Analyse statique et analyse dynamique

On distingue deux catégories d’analyse :

L’analyse statique qui s’appuie sur une source sous forme de bloc de données. Grâce à divers algorithmes, cette analyse rapporte des anomalies statistiques, de réputation ou trouve directement des schémas connus de logiciel malveillant.

L’analyse dynamique obtient de la télémétrie : un ensemble d’événement provenant du système d’exploitation ou des programmes. Un événement regroupe l’usage de fonctionnalité du système, des applications, du réseau et du matériel. Ils sont retranscrits sous forme de journaux. Par défaut, très peu d’événements sont collectés, c’est à la solution de sécurité de maintenir ses fonctionnalités de télémétrie.
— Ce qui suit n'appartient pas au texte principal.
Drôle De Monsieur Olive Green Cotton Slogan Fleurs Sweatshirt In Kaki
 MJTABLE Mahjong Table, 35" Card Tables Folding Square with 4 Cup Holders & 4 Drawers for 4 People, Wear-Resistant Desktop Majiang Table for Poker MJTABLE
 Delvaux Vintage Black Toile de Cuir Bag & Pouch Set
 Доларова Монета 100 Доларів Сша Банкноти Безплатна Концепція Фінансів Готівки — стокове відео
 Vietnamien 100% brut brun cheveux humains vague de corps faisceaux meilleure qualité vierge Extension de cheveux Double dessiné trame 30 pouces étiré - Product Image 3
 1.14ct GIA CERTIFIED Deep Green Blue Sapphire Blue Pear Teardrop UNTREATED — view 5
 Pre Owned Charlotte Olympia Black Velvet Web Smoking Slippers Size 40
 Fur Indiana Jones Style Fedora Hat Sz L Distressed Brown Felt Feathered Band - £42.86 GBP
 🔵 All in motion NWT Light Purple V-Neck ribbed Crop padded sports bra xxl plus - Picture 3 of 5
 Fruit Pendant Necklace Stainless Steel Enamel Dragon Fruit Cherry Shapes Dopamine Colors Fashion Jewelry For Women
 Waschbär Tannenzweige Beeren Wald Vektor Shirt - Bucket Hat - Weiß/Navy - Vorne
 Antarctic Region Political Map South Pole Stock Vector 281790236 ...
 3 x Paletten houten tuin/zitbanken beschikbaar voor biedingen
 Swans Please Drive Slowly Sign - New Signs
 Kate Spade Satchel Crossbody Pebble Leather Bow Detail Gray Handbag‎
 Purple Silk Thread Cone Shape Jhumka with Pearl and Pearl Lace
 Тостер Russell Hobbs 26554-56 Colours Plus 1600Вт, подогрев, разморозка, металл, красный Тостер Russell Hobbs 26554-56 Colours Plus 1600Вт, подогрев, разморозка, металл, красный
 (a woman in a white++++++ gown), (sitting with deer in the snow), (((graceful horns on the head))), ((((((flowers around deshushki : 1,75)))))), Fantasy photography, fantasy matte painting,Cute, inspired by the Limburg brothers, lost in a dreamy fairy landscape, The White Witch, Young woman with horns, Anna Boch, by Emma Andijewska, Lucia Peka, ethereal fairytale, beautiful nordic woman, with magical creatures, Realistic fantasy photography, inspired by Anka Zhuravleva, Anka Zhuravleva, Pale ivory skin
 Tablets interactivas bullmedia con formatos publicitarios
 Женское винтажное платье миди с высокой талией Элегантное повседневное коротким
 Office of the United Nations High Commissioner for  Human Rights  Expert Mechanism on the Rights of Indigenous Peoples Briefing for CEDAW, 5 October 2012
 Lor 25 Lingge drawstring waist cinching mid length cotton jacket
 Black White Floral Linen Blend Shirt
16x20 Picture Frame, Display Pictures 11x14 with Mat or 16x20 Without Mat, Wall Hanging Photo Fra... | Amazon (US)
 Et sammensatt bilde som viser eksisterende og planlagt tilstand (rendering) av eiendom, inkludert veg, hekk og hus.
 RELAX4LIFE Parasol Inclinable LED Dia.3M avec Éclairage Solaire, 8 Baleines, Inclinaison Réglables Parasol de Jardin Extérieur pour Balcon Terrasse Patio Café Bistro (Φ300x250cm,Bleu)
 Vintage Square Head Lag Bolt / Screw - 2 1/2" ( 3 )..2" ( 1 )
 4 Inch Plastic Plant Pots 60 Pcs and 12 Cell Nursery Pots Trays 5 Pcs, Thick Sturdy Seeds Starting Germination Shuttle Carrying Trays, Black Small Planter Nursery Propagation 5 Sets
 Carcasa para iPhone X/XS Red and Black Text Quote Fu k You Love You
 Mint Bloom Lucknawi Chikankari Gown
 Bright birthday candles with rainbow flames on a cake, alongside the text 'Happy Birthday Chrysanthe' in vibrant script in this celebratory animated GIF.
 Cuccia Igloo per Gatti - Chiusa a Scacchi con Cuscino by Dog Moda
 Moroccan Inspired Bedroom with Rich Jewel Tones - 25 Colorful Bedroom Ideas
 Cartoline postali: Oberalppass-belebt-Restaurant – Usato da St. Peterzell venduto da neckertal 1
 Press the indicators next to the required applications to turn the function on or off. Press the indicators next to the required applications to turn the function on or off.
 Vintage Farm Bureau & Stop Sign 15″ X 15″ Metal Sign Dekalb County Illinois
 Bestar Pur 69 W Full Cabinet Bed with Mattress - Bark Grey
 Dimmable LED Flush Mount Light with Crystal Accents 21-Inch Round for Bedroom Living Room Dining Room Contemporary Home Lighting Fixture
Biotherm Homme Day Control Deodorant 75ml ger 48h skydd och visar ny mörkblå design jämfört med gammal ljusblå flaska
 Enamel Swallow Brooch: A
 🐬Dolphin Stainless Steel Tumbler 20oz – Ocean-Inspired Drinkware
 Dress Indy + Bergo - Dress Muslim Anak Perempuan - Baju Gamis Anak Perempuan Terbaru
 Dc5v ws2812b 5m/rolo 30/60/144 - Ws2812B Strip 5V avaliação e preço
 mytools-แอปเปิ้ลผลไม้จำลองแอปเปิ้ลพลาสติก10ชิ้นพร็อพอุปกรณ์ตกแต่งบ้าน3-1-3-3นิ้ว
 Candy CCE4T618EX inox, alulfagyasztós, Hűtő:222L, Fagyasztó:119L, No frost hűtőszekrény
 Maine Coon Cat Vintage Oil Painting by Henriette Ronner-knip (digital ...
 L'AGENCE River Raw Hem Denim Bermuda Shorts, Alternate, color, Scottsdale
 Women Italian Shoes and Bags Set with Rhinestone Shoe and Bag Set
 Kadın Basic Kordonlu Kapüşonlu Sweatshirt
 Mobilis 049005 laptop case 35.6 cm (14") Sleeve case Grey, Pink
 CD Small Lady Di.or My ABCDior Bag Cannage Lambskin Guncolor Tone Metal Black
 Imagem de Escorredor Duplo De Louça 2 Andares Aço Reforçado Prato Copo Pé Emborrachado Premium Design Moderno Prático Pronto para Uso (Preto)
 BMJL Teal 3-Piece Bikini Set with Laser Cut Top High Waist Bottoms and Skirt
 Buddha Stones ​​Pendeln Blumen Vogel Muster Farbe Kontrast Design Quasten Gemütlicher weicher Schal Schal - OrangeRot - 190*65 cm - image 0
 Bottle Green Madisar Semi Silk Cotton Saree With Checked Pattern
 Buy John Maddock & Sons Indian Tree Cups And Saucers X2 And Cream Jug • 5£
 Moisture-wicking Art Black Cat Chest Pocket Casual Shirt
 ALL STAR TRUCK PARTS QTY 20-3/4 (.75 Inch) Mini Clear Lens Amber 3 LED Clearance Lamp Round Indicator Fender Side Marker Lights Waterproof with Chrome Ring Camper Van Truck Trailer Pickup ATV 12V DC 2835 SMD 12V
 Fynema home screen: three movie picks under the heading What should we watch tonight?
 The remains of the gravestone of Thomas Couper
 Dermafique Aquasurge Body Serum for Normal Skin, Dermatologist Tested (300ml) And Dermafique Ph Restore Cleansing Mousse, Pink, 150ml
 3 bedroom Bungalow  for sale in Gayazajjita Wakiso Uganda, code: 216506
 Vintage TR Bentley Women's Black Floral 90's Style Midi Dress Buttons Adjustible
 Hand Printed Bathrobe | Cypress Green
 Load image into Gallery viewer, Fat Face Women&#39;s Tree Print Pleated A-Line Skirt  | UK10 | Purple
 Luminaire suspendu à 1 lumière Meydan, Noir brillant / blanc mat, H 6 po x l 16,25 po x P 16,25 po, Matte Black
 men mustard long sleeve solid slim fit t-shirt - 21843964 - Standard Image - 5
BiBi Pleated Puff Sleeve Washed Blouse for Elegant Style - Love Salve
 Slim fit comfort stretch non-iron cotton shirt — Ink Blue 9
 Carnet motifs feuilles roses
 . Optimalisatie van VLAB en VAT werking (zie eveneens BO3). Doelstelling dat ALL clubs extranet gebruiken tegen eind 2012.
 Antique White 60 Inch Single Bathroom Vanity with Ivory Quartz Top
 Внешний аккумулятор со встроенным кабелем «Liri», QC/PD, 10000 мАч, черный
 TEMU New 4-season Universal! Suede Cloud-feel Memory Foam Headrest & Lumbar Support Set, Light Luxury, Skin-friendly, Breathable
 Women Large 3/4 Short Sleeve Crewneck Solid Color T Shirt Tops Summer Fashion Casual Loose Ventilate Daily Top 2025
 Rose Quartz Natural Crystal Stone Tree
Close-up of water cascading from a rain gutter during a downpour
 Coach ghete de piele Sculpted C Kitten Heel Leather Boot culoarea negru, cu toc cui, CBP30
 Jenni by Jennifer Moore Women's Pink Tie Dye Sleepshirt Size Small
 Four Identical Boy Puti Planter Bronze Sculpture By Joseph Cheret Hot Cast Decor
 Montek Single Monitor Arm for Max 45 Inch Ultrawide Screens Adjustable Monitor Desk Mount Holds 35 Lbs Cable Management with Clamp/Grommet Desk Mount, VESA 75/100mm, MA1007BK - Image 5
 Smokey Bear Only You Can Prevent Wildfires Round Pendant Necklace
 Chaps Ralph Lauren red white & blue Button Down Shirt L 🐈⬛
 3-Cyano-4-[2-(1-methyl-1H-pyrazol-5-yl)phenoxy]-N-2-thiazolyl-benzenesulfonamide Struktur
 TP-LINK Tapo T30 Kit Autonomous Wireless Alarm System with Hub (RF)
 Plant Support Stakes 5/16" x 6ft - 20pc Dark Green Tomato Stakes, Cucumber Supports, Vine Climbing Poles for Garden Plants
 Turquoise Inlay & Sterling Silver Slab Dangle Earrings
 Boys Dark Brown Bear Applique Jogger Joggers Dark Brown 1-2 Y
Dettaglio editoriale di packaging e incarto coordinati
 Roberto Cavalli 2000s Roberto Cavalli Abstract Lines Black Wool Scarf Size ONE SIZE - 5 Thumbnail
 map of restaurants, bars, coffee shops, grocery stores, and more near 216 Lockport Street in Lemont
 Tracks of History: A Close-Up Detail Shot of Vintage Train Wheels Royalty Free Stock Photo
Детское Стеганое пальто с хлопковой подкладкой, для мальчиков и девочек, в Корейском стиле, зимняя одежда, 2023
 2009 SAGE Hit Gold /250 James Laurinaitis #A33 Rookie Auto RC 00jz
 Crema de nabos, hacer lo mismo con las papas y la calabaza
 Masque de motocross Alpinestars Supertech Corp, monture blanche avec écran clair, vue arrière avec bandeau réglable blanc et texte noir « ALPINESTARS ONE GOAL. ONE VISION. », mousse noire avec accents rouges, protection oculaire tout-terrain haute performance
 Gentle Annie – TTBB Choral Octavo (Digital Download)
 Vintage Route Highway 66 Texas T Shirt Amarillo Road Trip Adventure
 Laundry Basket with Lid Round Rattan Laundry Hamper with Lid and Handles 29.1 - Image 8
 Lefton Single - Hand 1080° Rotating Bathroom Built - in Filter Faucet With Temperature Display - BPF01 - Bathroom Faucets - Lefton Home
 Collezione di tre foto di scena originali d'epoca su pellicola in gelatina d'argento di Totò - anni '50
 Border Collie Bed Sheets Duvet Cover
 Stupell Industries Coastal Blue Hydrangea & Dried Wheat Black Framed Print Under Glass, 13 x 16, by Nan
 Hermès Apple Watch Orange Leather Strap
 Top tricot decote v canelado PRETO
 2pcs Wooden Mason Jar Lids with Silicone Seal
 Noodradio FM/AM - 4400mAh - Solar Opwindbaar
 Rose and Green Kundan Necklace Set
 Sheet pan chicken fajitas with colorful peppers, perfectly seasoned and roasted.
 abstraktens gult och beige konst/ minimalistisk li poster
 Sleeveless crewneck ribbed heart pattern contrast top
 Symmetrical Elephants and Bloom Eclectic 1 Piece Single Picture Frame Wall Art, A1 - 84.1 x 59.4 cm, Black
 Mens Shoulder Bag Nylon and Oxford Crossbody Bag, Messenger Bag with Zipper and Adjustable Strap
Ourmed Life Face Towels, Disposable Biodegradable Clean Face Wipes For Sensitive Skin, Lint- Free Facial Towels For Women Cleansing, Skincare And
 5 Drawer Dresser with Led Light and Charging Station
À partir de cette télémétrie, des jeux de règles s’appliquent pour identifier des actions suspectes et malveillantes.

La réponse à la détection

Lorsqu’une analyse détecte une menace, les solutions de sécurité peuvent entreprendre diverses actions :

  • Bloquer la menace, par un ensemble de réponse pré-configuré : isolation du poste, isolation du compte utilisateur, arrêt/suspension du processus, blocage d’exécution du programme, etc. Les options de configuration peuvent être activées ou désactivées dans les EDR.

  • Alerter les équipes de sécurité et l’utilisateur.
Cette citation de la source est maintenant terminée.